2013-04-24 00:00:01 | エッセイ、コラム
2013/04/24
ぽかぽか春庭感激観劇日記>演じられた母たち(5)コーカサスの白墨の輪by東京ノーヴィレパートリーシアター

 演劇史上、ブレヒトは、従来の「劇的演劇」として批判した人として知られます。「劇的演劇」とは、アリストテレスの演劇理論を祖とする総合的・伝統的・従来的ヨーロッパ演劇、すなわち演劇によって観客にカタルシスを感じさせ感情を昇華させる劇をいいます。
 ブレヒトにとって、従来の「劇的演劇」は、「酒でも飲んで、ウマいものでも食べて、一時つらい現実から目を背ける」ような性質のものでした。

 ブレヒトがめざしたのは、「叙事的演劇」です。役者は舞台上で出来事を説明(デモンストレーション)し、観客はものごとを異なる角度から捉えることによって現実に対して批判的な思考をし、世の本質を悟る。
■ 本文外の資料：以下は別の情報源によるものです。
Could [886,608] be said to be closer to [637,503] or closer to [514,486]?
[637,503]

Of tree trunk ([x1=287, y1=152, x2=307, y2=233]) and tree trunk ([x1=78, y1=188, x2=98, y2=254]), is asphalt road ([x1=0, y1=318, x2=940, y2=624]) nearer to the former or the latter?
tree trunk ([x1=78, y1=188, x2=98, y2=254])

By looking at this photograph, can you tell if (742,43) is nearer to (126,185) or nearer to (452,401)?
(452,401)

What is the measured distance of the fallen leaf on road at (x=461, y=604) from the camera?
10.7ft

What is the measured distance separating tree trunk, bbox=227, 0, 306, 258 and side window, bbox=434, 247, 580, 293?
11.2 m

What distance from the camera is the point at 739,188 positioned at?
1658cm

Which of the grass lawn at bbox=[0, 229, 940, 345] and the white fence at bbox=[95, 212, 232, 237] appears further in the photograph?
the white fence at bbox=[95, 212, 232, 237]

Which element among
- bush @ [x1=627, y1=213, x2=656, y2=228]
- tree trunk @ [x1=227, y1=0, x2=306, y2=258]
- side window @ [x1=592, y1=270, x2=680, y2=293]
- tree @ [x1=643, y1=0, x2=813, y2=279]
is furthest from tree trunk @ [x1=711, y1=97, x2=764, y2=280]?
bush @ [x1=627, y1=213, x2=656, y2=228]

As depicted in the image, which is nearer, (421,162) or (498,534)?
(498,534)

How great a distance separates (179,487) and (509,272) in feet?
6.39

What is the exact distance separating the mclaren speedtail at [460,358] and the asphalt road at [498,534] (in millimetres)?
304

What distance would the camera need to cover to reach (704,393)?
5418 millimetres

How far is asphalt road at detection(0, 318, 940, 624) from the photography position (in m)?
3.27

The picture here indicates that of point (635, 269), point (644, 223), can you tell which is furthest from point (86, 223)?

 ブレヒトの演劇理論上、有名な用語は「異化効果」。いつも見慣れたものに対する新しい見方・考え方を観客に提示するというもの。観客を情緒的に舞台に巻き込んでしまうことを意図せず、できごとを現実と区別された「叙事」として扱います。物語的に特定の強調を施して再現する叙事演劇。観客に舞台から批判的な距離をとらせ、内容について熟考し,認識するきっかけを与えることが、叙事的演劇の目的だとされています。
 
 ブレヒト((Bertolt Brecht, 1898 - 1956)の演劇作品の中でも、「コーカサスの白墨の輪」は、ナチの手を逃れたブレヒト亡命中の作品として、重要な演目です。
 2005年に串田和美演出、松たか子主演で演じられたとき、見に行きたいなあと思っていたけれど、結局見る機会はありませんでした。(チケット高いし招待券なんぞもらえないし)演劇通によれば、このときの串田和美演出は劇的演劇だったとか。すなわち、美人女優によって「美食」を観客に食わせるもので、、、。
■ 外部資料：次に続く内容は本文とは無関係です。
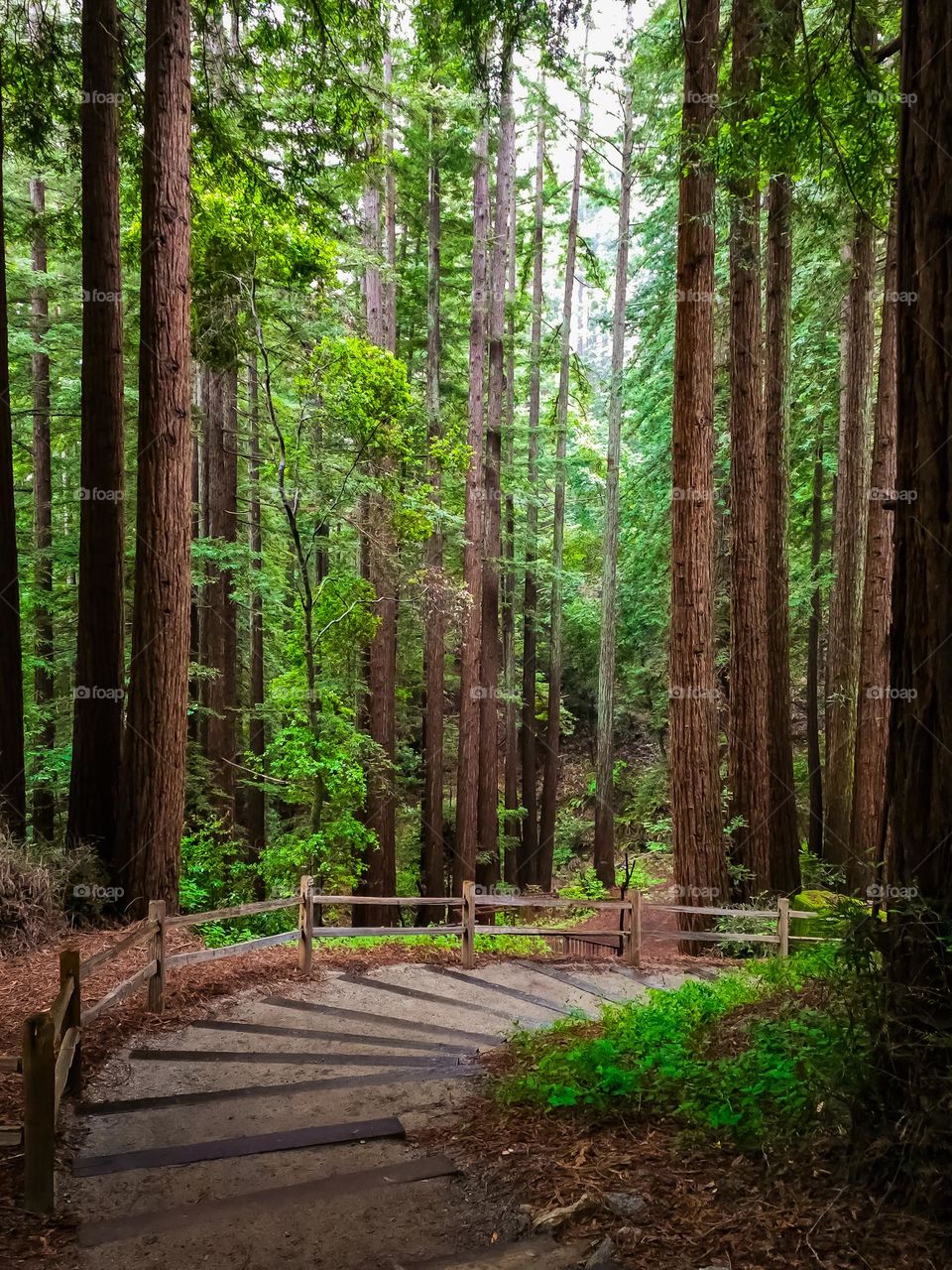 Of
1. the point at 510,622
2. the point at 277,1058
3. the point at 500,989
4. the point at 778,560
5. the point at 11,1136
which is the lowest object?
the point at 500,989

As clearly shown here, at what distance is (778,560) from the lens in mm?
13016

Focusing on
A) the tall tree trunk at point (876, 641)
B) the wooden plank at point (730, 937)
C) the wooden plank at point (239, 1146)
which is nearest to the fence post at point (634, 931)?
the wooden plank at point (730, 937)

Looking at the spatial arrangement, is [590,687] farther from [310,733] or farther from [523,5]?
[523,5]

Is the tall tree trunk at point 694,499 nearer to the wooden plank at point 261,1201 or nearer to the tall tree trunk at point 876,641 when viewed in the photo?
the tall tree trunk at point 876,641

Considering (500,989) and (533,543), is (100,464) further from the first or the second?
(533,543)

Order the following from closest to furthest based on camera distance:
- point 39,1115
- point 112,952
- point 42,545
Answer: point 39,1115, point 112,952, point 42,545

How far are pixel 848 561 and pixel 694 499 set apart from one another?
774cm

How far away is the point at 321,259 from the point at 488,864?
13435 millimetres

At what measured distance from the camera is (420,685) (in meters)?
24.8

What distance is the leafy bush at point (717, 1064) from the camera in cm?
373

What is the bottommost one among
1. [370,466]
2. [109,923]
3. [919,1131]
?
[109,923]

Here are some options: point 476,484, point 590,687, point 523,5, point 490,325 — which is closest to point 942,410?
point 523,5

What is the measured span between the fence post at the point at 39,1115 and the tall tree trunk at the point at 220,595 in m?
11.8

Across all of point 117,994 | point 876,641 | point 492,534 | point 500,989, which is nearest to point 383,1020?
point 500,989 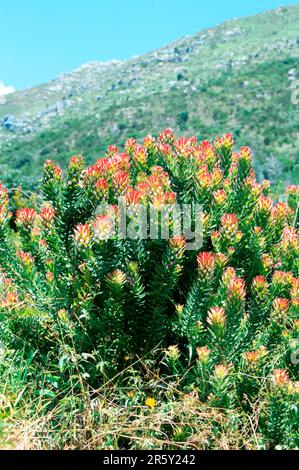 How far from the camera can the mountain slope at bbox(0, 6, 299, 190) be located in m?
45.0

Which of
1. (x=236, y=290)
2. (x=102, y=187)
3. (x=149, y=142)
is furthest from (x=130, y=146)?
(x=236, y=290)

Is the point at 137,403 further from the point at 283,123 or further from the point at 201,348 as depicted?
the point at 283,123

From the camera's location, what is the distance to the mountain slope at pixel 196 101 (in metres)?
45.0

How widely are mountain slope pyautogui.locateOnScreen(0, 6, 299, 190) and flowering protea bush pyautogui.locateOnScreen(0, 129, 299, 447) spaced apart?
80.8ft

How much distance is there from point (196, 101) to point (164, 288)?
179 feet

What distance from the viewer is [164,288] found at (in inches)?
90.6

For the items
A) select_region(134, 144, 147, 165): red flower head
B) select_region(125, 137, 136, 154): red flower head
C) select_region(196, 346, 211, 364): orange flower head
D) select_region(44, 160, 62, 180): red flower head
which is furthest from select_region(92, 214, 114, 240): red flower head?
select_region(125, 137, 136, 154): red flower head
 まあ、ふつうは美酒美食を味わいに劇場へ行く人がほとんどだものね。歌舞伎見たり宝塚見て、人生観変えたという人、私は知らない。
 演劇見に行くのは、現実に対する見方を変えて、世を変え自分自身を変えるため、と思って劇場へ行く人も、いないことはないだろうけど。
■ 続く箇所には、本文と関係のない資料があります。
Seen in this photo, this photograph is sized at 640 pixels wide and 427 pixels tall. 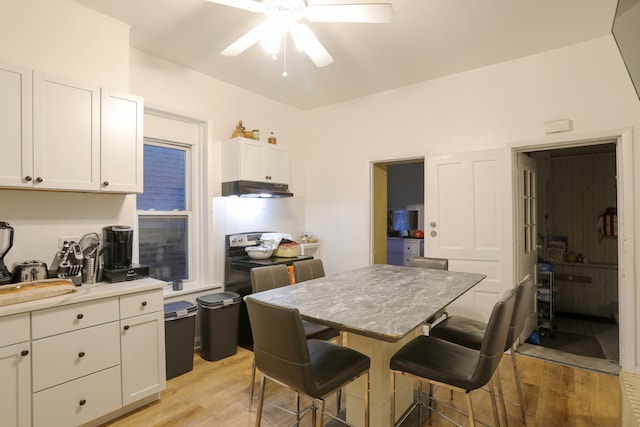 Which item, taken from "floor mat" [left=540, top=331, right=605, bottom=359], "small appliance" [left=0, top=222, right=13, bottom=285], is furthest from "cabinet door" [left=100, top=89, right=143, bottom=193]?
"floor mat" [left=540, top=331, right=605, bottom=359]

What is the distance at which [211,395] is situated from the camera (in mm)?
2473

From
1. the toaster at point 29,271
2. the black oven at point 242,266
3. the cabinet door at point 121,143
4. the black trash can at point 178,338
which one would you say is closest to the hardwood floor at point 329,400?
the black trash can at point 178,338

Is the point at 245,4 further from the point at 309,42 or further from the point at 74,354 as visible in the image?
the point at 74,354

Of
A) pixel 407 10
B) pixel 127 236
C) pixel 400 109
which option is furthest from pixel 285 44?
pixel 127 236

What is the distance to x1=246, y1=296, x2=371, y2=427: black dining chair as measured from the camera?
144cm

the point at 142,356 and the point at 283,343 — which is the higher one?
the point at 283,343

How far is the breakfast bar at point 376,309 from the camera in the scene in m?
1.44

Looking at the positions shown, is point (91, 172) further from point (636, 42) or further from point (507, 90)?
point (507, 90)

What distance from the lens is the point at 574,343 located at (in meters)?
3.58

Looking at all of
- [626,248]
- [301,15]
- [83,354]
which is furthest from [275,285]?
[626,248]

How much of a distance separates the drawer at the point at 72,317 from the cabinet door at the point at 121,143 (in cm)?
84

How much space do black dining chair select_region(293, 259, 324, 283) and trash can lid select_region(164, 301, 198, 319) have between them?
97 centimetres

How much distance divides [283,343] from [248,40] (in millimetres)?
1902

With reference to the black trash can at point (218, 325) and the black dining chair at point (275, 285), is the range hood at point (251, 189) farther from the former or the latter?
the black dining chair at point (275, 285)
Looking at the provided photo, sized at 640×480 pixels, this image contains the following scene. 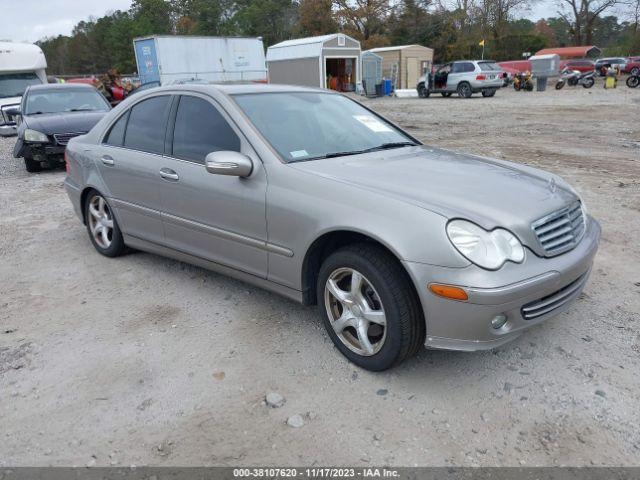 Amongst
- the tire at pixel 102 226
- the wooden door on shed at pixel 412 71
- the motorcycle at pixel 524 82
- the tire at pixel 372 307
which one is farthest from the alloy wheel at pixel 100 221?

 「コーカサスの白墨の輪」のストーリーは、もともとは中国の名裁判の話です。西にも伝わり、東に伝われば「大岡裁判」として有名な物語になる。
 実の母と育ての母が子をとりあい、大岡奉行は双方に子の右手と左手をひっぱりあわせる。子を欲しいという強い気持ちで子を引き寄せたほうが勝ちと言って競わせておきながら、実は、、、、というおなじみのお話なのですが。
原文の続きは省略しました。